Even democracy is threatened. Wealth finances the capacity to lobby and generate knowledge and ideas that favour the rich rather than common interest outcomes. Very little of our media is particularly profitable; it is much easier to recruit rich individuals from the pool of the wealthy prepared to underwrite an otherwise uncommercial media to make wealth defence arguments than it is to support a more liberal media. Media bias is not a law of nature, it is an outgrowth of wealth inequality.

What is to be done? First, reframe the argument. It is not wealth itself that is the problem, rather it is disproportionate wealth and the way it has been won. Dial down talk about growth in the abstract: dial up the need for Britain to build the next generation of great, consequential companies, and their value to all of us, and acknowledge the deserved personal fortunes that might be made in the process.
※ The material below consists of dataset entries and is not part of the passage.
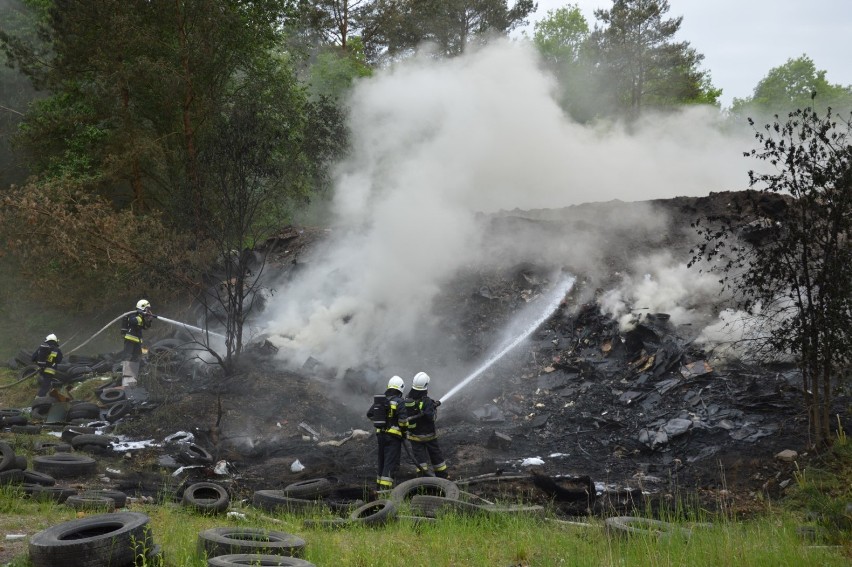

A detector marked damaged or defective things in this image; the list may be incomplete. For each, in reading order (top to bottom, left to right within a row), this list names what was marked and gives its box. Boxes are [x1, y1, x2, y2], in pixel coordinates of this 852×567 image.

burnt tire [105, 400, 130, 422]
burnt tire [32, 452, 96, 480]
burnt tire [64, 496, 115, 516]
burnt tire [183, 484, 230, 516]
burnt tire [251, 490, 324, 516]
burnt tire [282, 478, 336, 500]
burnt tire [348, 500, 398, 524]
burnt tire [392, 478, 462, 504]
burnt tire [28, 510, 154, 567]
burnt tire [196, 528, 306, 560]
That then creates the space to differentiate between value-generating and extractive wealth, and the dangers of an economy and society over-reliant on high property prices. The former should be encouraged, the latter discouraged – hence the case for tougher inheritance tax, introducing a proportional tax on all residential property instead of regressive council tax, and aggressively taxing the gains from land development.
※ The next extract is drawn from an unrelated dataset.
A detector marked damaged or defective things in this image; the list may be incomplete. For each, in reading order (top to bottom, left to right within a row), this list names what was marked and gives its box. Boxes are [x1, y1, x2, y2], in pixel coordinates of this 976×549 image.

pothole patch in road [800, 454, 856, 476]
Beyond that, invest in everything that advances opportunity for citizens who don’t have assets behind them – education, profit-sharing, employee share ownership, child trust funds, social housing – and do everything possible to make our shared public square less the preserve of the rich. Fund political parties with public money; advance public service broadcasting and journalism. And never forget Francis Bacon’s 400-year-old epic line: “Money is like muck, not good except it be spread.” When it is in a budget speech, we’ll know the times are changing.